Screen Yorkshire backs call for Tory contenders to stop sale of Channel 4

Screen Yorkshire and a series of independent production companies in the region are calling on the five remaining contenders to become the next Prime Minister to commit to halting the sale of Channel 4.

Caroline Cooper Charles, chief executive of Screen Yorkshire, is among those to have signed an open letter calling for a u-turn on the current plan to privatise the Leeds-based broadcaster.

It states: “The current plans risks levelling down the creative industry resulting in more than 60 independent production companies going bust; one in three regional jobs being axed; cuts of up to £86 million a year on spending in the nations and regions and £320 million a year to the independent sector. Channel 4 isn’t broken, please don’t try to fix it.”

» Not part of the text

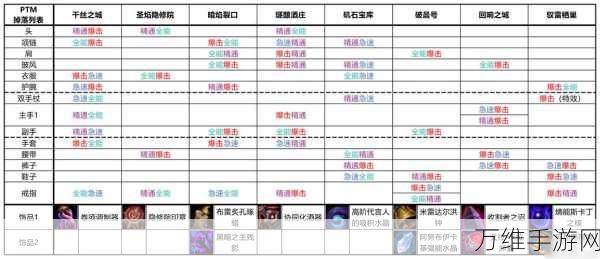 魔兽世界KLZ法师装备全解析,珍稀掉落与属性详解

Screen Yorkshire, which was established one of nine regional screen agencies by the UK Film Council in 2002, has helped fund Channel 4 shows like Ackley Bridge and acclaimed film This is England, made by Channel 4’s feature film division Film4.

There are growing hopes the sale of Channel 4 could be stopped.

The letter, co-ordinated by anti-privatisation organisation We Own It, has also been signed by senior figures in Leeds-based companies True North and Northern Impostors, as well as Huddersfield’s Fettle Animation and Doncaster’s Wayne Sables Project.

It has been signed by representatives from a total of 16 production companies across the UK.

They believe the election of a new Prime Minister offers an opportunity to keep Channel 4 in public hands.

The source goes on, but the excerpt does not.